"O Velho do Rio" (Causos do Vovô)
Causos do Vovô.
O Velho do Rio.
Meu avô que Deus o tenha, sempre tinha uma história interessante pra nos contar: Dizia ele;__”sabe filho, hoje eu estou me lembrando do finado Salustiano, que morreu afogado nas águas do rio Gavião; depois do acontecido, ele passou a ser conhecido aqui no sertão pelo nome de “O Velho do Rio”. Todo mundo por aqui em toda essa redondeza já viu o Velho do Rio sempre do mesmo jeito, de chapéu e uma capa que escorava as neblinas do mês de junho na barranca do rio, ou mesmo dentro de sua canoa; era ele que ajudava as pessoas na travessia do rio quando estava cheio, e quando estava seco ficava sentado nas barrancas pitando seu velho cachimbo de barro; eu mesmo já vi ele: depois da chuvarada de 1952, sua vó Dalila já velhinha ficou muito doente, uma febre forte que não tinha remédio que desse jeito; deixei Siloé seu pai aqui tomando conta dela, e fui buscador Rufino rezador lá pras bandas do Caldeirão; o dia tava escurecendo, e o rio transbordava água por todos os cantos de sua margem; a única forma de atravessar era de canoa que de cá de longe agente via se balançado nas águas do rio; vi que a velha canoa não estava vazia, tinha uma pessoa dentro dela e eu pensei que fosse Rogaciano o barqueiro que tinha ficado no lugar do pai quando morreu. O traje era o mesmo, mas a voz era do “velho do Rio” que me perguntou:” “__tá indo buscar o rezadô? Mió nun ir.”
“__já era começo de noite e eu senti meu corpo se arrepiar, percebi que a canoa não ia nem pra frente nem pra traz, também, tinha ficado amarrada na Gameleira que nunca saiu dali da margem do Rio. Cortei a corda e chegamos na outra margem; como de costume dei uma moeda de dois tostões ao barqueiro, que onde estava ficou envolto em sua capa, e eu não pude ver o seu rosto. Fiz a minha viagem, e voltei só no amanhecer do dia junto com Rufino rezador. Devido a chuva ter parado, o rio tinha baixado um pouco suas águas, mas não dava pra gente atravessar a nado; vi que a canoa estava amarrada do outro lado se balançando com o movimentando da correnteza; então comecei a gritar chamando pelo barqueiro que parecia não me ouvir; gritei, gritei, gritei e nada do barqueiro aparecer.
De cá de onde eu estava vi nossa casa com um fio de fumaça na chaminé; pensei comigo vou gritar mais alto quem sabe assim alguém possa me ouvir.

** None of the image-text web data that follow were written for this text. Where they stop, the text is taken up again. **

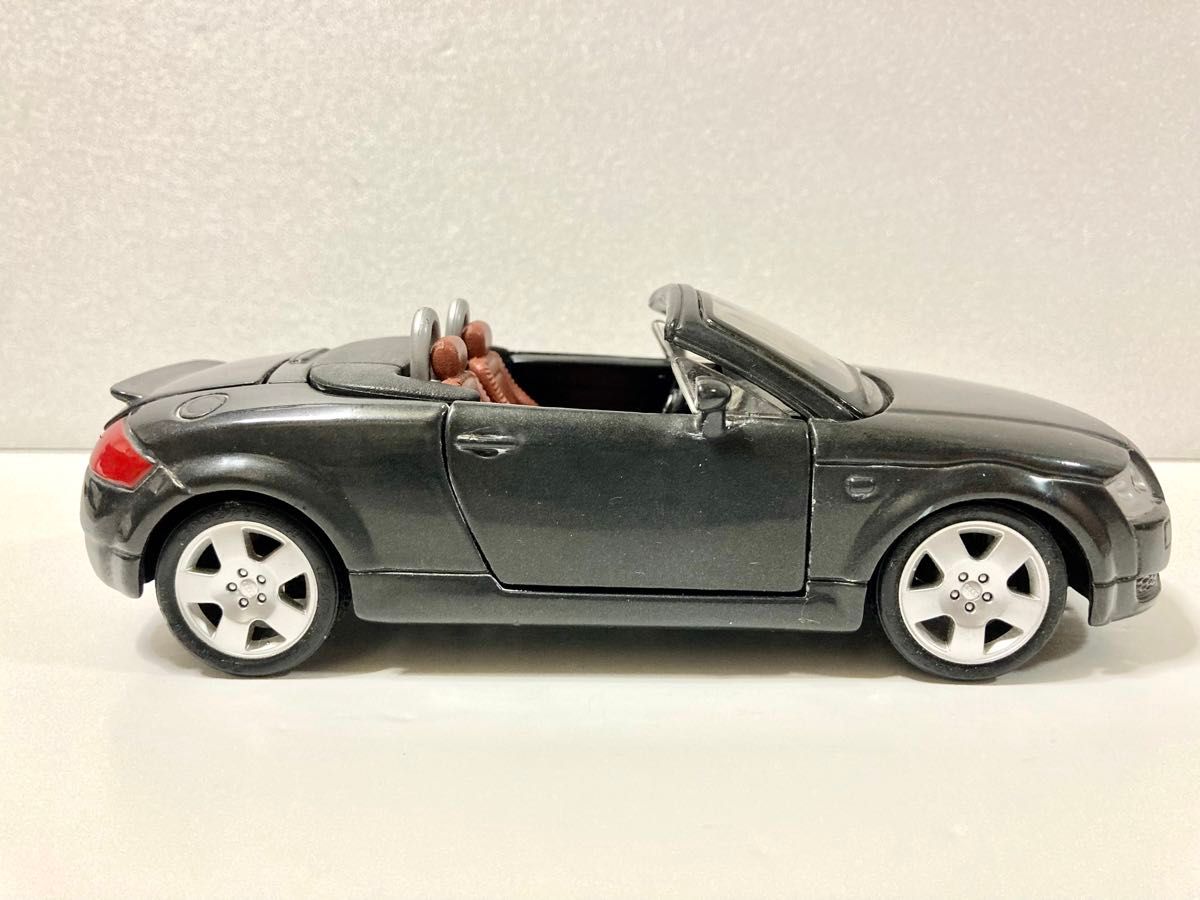 マイスト Audi TTロードスター MaiSto マイスト Audi アウディ TTロードスター 1/24 ミニカー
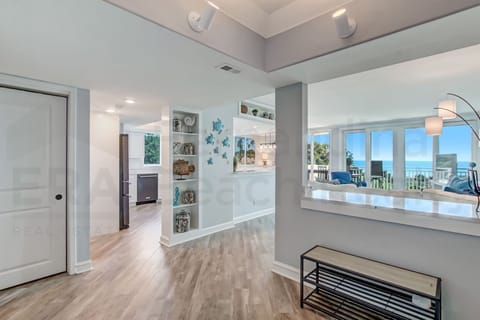 Condo, 3 Bedrooms | Interior
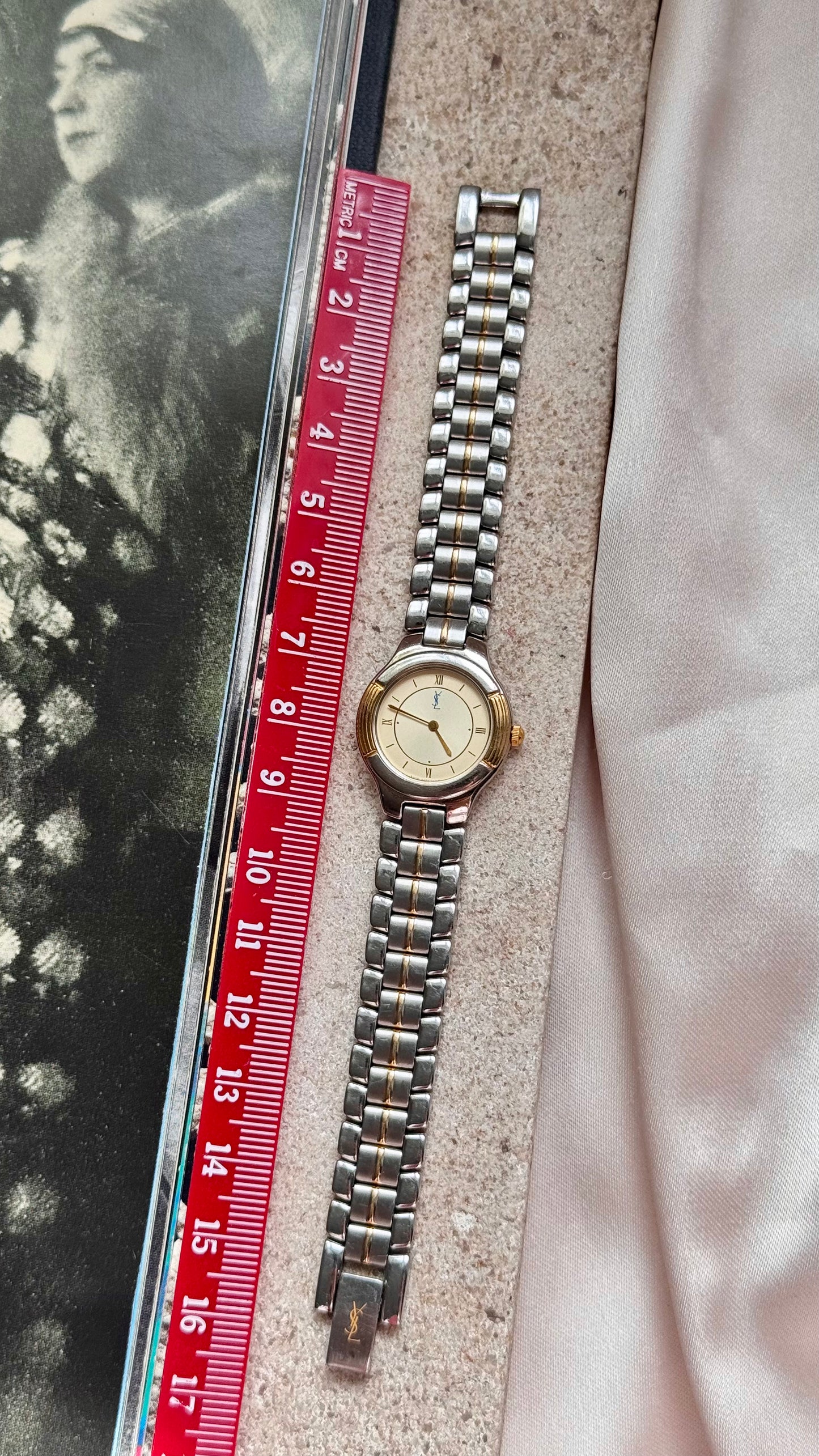 Yves Saint Laurent vintage watch (YSL)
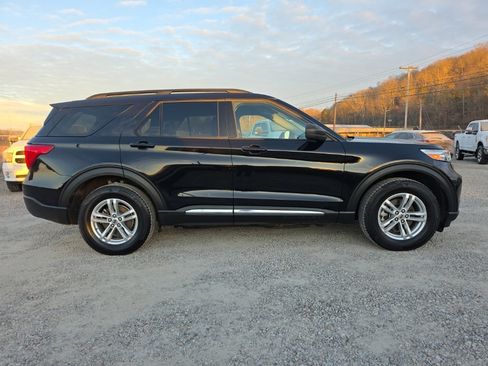 Used 2022 Ford Explorer XLT w/ Equipment Group 202A image 4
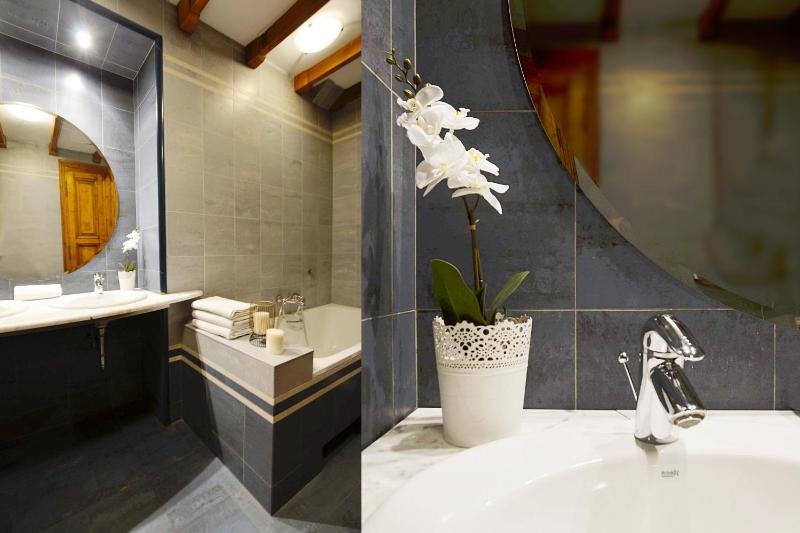 Four-Bedroom Apartment - Gertrudy Street image 2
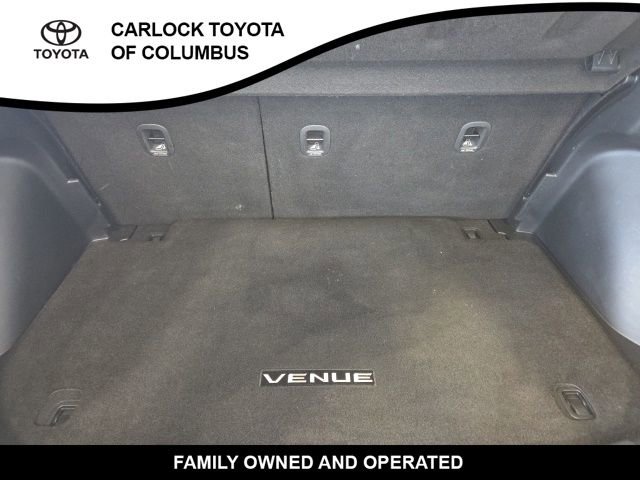 Used 2022 Hyundai Venue Limited FWD image 15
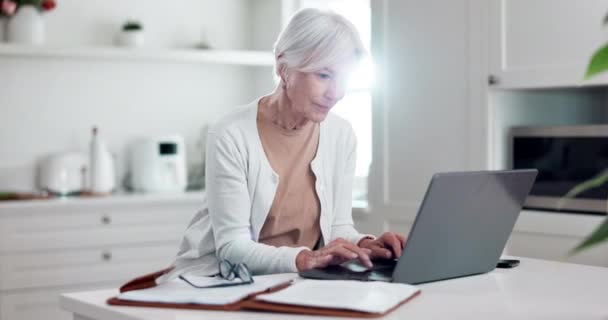 Senior Kvinde Arbejder Køkkenet Laptop Internet Til Netværk Fjernarbejde Hjemmefra – Stock-video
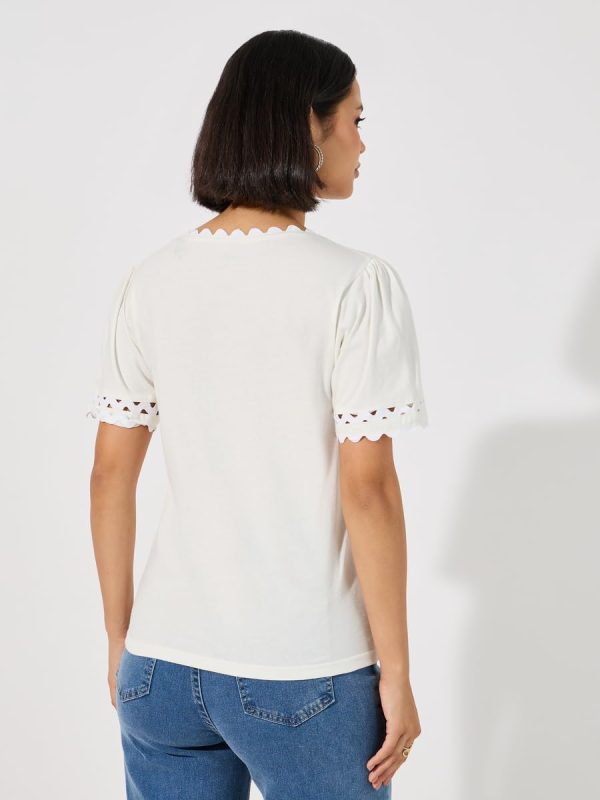 ⁦Styli Women Scallop Lace Insert V Neck Top⁩ - الصورة ⁦5⁩
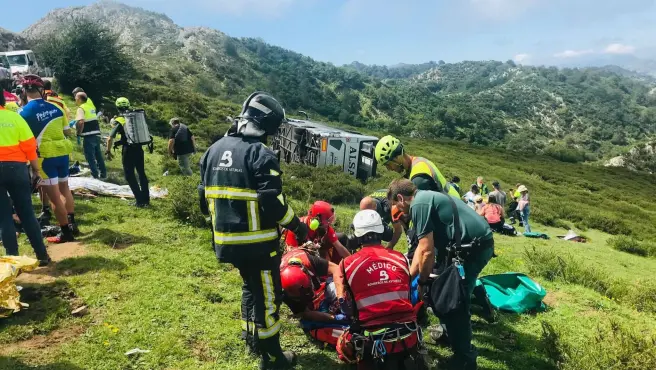 Siete personas hospitalizadas tras volcar un autobús con 49 ocupantes, la mayoría niños, en los Lagos de Covadonga.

Foi daí que Siloé seu pai me ouviu, saiu porta a fora, e de cá vi o desespero dele pra chegar na barranca do rio; percebi então que não tinha barqueiro e Siloé veio nos buscar. A noticia não foi boa; “__pai, mãe Dalila morreu logo depois que o senhor saiu, e Rogaciano tá muito doente, nós estamos sem barqueiro.” Bem que eu podia ter ouvido o barqueiro; não adiantou nada eu ter ido buscar o rezador. Dalila morreu, ficamos sabendo que foi febre tifo; naquele mesmo dia depois do enterro eu fui até a canoa para desvendar o mistério; os dois tostões que eu tinha dado ao barqueiro estava lá no lastro da velha canoa. É, o “Velho do Rio” estava sempre ali, nas águas barrentas do Rio Gavião.